Viktor Galovic: “Sono migliorato molto”

di - 3 Dicembre 2011


(Viktor Galovic – Foto Nizegorodcew)

di Alessandro Nizegorodcew

Viktor Galovic ha iniziato a fare sul serio praticamente da un anno. Grande talento, classe 1990, Galovic si allena a Bra con il bravissimo Massimo Puci (coach di Golubev, Eremin e Zurbin). Rovescio bimane spettacolare, buon diritto, grande servizio (anche se non molto vario), fisico potentissimo e allo stesso tempo veloce di piedi. Un ragazzo che, se migliorerà dal punto di vista mentale, potrà scalare molto rapidamente la classifica Atp, che oggi lo vede solamente al numero 1081 del ranking.

“La stagione non è stata del tutto positiva” – ha spiegato Viktor a Spazio Tennis – “sia dal punto di vista della prestazione che delle vittorie. Sono però soddisfatto dei miglioramenti tecnici e tattici. Ho avuto anche alcuni problemi fisici che mi hanno costretto a non giocare tutto l’anno; li sto risolvendo solo adesso, a stagione conclusa. Credo che il migliore torneo del 2011 sia stato in Austria, in condizione completamente opposte a quelle che preferisco, su campi in terra rossa lentissimi causa della pioggia caduta nei giorni precedenti. Ma ho lottato e mi sono divertito parecchio, superando a fatica le qualificazioni e raggiungendo il secondo turno nel main draw. Ho disputato un bellissimo match anche a Roma (Ct Eur 15.000$) contro Lajovic: ho avuto tantissime occasioni, sentivo di poter vincere ma mi è sfuggita di mano per poco.”

“Sono migliorato tantissimo nel diritto” – ha proseguito Galovic – “prima non trovavo bene gli appoggi e sbagliavo tanto.

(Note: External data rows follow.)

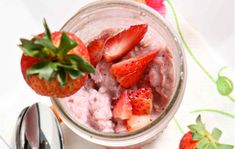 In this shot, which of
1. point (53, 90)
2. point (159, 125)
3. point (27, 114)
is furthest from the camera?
point (27, 114)

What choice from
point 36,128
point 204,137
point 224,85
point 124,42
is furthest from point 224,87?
point 36,128

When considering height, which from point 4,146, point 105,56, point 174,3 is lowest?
point 4,146

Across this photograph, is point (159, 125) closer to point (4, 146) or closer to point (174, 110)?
point (174, 110)

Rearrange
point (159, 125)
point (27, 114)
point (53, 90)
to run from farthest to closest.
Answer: point (27, 114) → point (159, 125) → point (53, 90)

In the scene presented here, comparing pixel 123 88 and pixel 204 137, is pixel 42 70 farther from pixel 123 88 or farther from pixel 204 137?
pixel 204 137

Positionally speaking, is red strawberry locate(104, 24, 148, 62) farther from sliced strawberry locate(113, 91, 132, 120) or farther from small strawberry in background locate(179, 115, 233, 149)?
small strawberry in background locate(179, 115, 233, 149)

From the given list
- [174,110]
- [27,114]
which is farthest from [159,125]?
[27,114]

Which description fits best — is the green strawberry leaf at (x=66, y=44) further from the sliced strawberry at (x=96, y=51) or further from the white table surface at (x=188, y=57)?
the white table surface at (x=188, y=57) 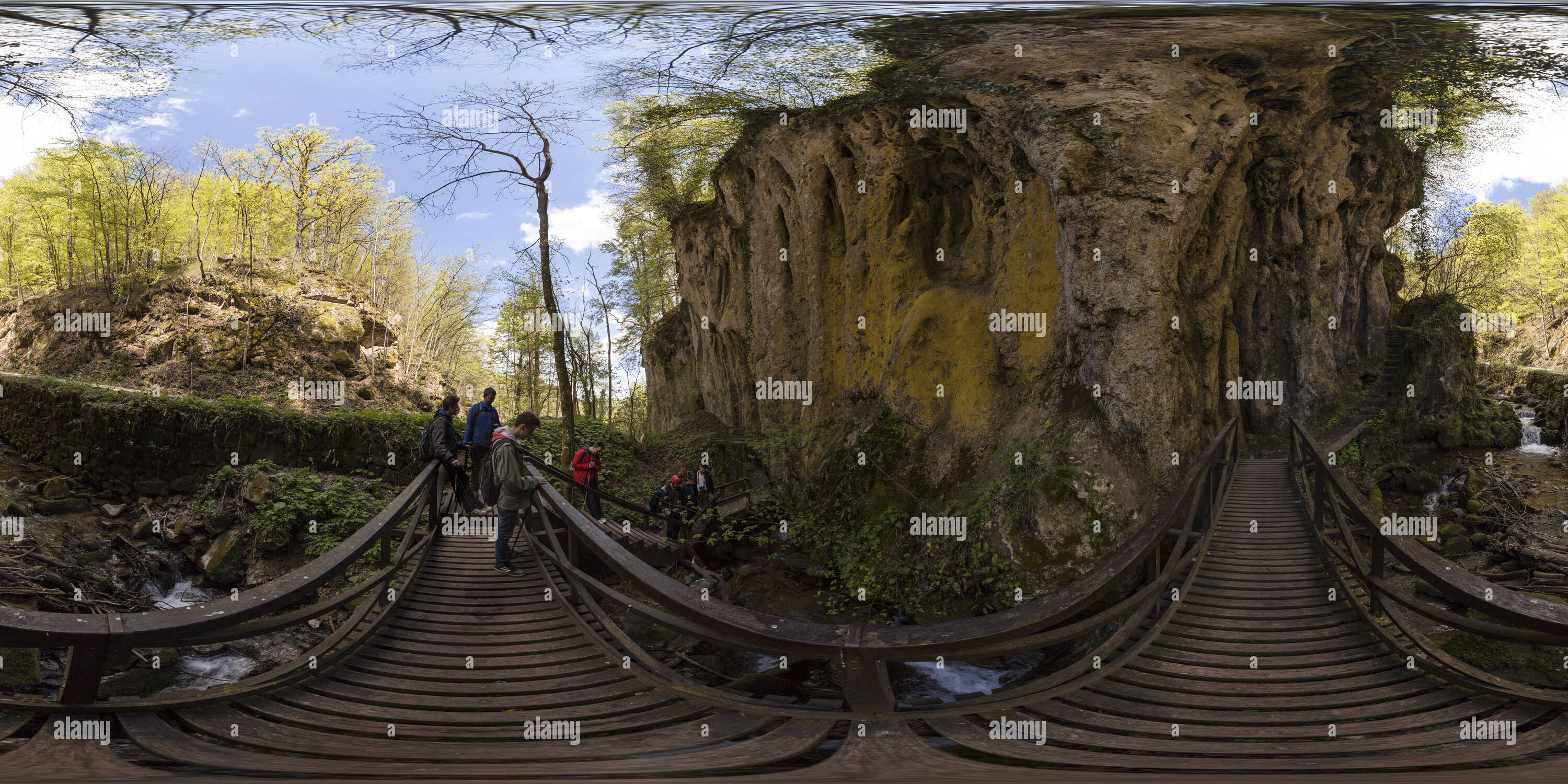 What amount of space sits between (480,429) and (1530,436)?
18.4 meters

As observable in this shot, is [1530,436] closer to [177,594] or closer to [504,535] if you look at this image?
[504,535]

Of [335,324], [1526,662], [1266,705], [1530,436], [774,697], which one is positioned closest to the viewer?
[774,697]

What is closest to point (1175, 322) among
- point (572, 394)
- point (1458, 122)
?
point (1458, 122)

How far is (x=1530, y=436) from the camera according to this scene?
41.5ft

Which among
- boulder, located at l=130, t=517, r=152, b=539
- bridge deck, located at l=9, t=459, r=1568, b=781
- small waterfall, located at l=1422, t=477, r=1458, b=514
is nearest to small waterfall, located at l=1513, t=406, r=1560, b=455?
small waterfall, located at l=1422, t=477, r=1458, b=514

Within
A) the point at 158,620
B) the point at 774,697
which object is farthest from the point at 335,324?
the point at 774,697

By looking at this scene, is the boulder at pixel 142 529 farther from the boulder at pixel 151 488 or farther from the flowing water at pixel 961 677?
Answer: the flowing water at pixel 961 677

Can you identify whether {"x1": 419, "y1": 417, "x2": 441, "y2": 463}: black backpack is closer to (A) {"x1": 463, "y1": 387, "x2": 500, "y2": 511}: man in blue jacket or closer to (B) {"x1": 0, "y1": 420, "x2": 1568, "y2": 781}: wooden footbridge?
(A) {"x1": 463, "y1": 387, "x2": 500, "y2": 511}: man in blue jacket

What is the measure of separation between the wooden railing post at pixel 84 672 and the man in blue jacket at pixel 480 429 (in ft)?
13.1

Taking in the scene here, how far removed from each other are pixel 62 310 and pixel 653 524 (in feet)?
28.7

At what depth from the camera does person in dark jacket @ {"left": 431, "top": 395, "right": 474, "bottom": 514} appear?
5.30 metres

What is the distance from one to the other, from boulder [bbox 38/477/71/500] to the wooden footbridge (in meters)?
5.48

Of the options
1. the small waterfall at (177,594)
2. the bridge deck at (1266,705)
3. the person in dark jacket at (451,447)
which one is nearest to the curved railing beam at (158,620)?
the bridge deck at (1266,705)

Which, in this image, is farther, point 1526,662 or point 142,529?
point 142,529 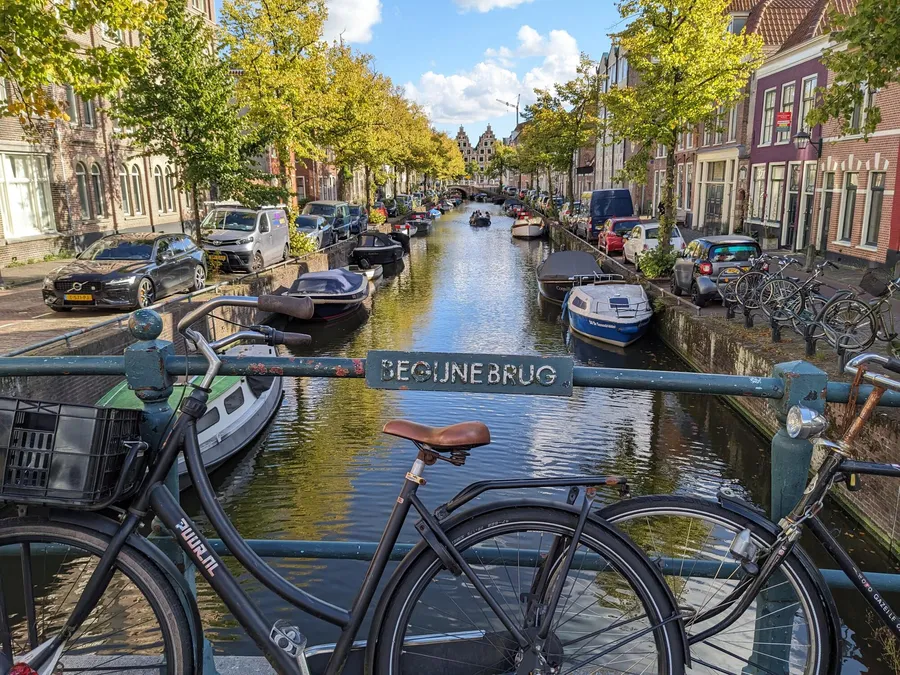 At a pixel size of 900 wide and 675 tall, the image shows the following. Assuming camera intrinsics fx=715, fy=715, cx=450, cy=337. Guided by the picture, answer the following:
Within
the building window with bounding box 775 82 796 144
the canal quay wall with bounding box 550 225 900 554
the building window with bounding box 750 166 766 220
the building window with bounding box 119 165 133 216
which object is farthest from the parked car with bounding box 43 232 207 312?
the building window with bounding box 750 166 766 220

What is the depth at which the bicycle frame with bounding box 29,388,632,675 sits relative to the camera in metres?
2.07

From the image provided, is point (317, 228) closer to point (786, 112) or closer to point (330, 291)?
point (330, 291)

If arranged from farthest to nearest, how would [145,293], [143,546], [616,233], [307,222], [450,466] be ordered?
[307,222] → [616,233] → [145,293] → [450,466] → [143,546]

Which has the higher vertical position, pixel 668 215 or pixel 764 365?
pixel 668 215

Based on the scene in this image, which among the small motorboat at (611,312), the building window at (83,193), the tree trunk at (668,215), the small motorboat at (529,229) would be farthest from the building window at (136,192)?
the small motorboat at (529,229)

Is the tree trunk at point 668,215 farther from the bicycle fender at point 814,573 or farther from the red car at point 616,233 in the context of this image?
the bicycle fender at point 814,573

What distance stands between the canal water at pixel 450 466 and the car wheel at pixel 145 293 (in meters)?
3.27

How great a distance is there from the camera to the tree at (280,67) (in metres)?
21.9

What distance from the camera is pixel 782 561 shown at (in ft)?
6.81

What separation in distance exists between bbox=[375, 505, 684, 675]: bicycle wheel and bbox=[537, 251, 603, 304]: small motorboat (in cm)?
1889

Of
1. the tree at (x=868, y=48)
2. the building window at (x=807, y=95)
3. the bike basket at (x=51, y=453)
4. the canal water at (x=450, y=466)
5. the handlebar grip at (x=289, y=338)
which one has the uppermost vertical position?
the building window at (x=807, y=95)

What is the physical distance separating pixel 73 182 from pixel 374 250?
36.6 feet

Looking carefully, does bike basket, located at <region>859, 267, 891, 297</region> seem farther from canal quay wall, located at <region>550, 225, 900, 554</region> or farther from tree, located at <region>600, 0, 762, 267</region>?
tree, located at <region>600, 0, 762, 267</region>

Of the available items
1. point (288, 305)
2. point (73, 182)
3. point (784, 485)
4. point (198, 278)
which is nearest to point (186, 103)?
point (198, 278) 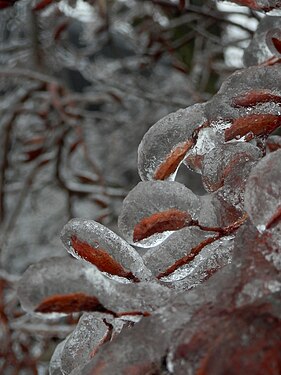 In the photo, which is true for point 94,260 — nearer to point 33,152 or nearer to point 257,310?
point 257,310

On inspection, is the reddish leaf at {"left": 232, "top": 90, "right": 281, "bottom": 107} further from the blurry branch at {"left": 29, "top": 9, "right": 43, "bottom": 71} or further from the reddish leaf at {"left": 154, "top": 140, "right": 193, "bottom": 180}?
the blurry branch at {"left": 29, "top": 9, "right": 43, "bottom": 71}

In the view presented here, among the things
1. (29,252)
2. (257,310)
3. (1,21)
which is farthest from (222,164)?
(29,252)

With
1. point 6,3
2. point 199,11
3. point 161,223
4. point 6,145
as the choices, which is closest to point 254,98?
point 161,223

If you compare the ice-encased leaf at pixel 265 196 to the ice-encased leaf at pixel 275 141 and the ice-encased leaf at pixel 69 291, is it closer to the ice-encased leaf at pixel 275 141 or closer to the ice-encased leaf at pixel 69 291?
the ice-encased leaf at pixel 69 291

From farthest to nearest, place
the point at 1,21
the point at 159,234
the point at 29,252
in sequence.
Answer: the point at 29,252 → the point at 1,21 → the point at 159,234

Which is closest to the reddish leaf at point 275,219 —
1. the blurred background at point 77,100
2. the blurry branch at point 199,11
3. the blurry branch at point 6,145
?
the blurred background at point 77,100

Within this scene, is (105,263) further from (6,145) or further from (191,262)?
(6,145) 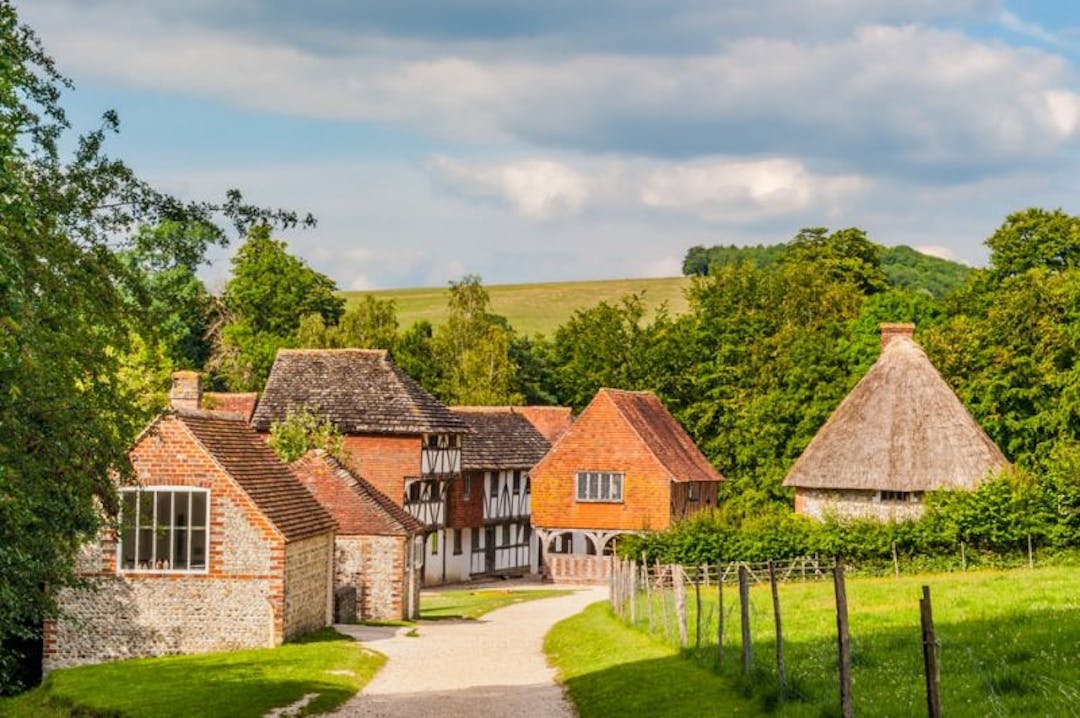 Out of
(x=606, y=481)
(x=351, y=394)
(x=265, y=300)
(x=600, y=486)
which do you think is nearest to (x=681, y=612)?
(x=351, y=394)

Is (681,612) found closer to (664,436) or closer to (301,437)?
(301,437)

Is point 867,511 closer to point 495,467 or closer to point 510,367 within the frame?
point 495,467

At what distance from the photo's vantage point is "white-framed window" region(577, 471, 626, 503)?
72.1 metres

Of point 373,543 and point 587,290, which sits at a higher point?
point 587,290

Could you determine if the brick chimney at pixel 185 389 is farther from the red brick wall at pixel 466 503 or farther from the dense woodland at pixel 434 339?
the red brick wall at pixel 466 503

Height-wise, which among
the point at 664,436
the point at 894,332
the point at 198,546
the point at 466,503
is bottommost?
the point at 198,546

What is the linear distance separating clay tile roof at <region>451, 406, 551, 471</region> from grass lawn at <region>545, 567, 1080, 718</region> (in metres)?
35.2

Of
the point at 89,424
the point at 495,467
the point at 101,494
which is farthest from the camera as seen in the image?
the point at 495,467

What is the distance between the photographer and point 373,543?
154 ft

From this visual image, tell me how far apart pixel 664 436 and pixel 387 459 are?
15949 mm

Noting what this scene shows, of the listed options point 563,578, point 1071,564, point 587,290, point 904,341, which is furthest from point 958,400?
point 587,290

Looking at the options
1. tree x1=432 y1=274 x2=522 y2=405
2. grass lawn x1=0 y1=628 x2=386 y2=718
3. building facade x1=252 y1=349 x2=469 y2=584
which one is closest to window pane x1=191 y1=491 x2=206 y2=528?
grass lawn x1=0 y1=628 x2=386 y2=718

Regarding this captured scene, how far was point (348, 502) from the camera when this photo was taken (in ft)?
157

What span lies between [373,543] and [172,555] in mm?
10468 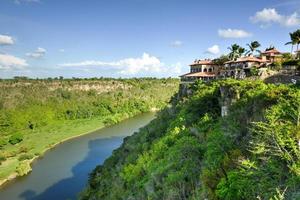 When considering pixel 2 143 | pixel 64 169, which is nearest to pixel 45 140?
pixel 2 143

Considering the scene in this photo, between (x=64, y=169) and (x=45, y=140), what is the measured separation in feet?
92.2

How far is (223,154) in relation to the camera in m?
23.3

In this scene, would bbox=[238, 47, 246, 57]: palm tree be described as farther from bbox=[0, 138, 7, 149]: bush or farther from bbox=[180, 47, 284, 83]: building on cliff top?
bbox=[0, 138, 7, 149]: bush

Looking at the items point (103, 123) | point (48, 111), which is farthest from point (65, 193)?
point (48, 111)

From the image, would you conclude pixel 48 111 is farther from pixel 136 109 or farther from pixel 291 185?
pixel 291 185

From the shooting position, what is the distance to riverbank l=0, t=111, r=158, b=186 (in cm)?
6494

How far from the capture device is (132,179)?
35.5m

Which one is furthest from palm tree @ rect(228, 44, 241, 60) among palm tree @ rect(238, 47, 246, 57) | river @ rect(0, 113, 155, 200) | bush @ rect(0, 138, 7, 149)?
bush @ rect(0, 138, 7, 149)

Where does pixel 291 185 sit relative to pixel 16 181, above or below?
above

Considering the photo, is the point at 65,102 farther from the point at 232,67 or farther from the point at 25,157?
the point at 232,67

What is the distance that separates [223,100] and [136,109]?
119167 millimetres

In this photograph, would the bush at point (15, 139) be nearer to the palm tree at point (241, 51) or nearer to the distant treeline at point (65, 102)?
the distant treeline at point (65, 102)

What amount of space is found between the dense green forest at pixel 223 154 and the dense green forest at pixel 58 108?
120ft

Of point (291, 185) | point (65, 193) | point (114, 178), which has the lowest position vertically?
point (65, 193) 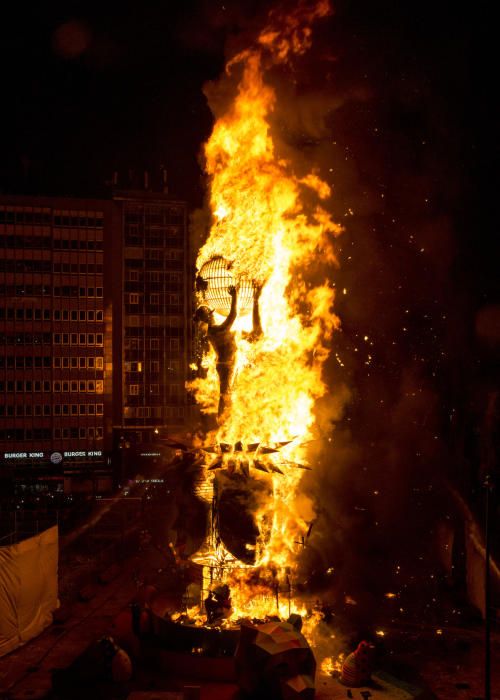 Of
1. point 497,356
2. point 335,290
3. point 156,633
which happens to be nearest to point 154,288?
point 335,290

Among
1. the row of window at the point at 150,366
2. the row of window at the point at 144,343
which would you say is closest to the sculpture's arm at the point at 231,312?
the row of window at the point at 144,343

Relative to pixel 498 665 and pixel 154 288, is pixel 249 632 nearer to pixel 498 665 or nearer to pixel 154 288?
pixel 498 665

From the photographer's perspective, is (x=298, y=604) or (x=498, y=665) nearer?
(x=498, y=665)

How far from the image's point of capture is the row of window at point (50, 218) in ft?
178

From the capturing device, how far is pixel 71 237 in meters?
55.7

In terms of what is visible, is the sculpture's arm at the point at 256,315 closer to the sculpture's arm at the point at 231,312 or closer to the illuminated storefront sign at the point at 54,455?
the sculpture's arm at the point at 231,312

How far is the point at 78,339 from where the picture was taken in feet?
184

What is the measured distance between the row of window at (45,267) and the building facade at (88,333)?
0.08 meters

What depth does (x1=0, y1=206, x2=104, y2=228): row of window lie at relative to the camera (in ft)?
178

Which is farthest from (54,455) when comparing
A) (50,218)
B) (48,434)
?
(50,218)

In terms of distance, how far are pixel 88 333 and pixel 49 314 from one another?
3586mm

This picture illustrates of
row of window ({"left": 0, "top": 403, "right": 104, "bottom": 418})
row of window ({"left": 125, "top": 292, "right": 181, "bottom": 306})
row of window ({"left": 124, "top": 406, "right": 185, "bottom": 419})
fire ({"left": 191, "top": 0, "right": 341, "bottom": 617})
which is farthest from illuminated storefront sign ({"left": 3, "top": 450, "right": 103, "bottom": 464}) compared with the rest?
fire ({"left": 191, "top": 0, "right": 341, "bottom": 617})

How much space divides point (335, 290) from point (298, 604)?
35.5ft

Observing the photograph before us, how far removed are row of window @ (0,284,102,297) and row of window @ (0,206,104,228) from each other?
521 cm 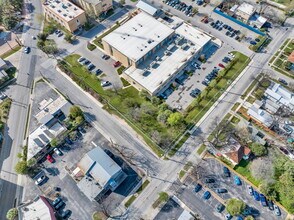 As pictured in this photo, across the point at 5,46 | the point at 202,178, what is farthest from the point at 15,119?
the point at 202,178

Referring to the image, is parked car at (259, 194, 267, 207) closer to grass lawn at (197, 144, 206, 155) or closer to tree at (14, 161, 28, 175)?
grass lawn at (197, 144, 206, 155)

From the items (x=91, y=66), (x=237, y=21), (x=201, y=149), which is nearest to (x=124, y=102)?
(x=91, y=66)

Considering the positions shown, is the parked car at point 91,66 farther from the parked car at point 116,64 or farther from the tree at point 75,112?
the tree at point 75,112

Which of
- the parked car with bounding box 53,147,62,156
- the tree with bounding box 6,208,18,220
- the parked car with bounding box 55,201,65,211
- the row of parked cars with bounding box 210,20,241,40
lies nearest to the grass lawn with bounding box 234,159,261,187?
the parked car with bounding box 55,201,65,211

Adesso credo sia un colpo di livello sia in difesa che in avanzamento. Penso di essere cresciuto molto anche sotto il profilo tattico e di visione di gioco, sul come affrontare le situazioni che si vengono a creare in campo. Adesso mi fermo qualche settimana e poi inizio la preparazione al massimo, con un gran carico di lavoro per circa due mesi o poco più. Successivamente riprenderò con i tornei, quasi tutti sul veloce indoor, certamente la mia superficie preferita. L’obiettivo principale è quello di non infortunarmi e portare a casa il maggior numero di punti possibili… e magari vincere qualcosa, mi manca infatti un bel trofeo da mettere in bacheca.”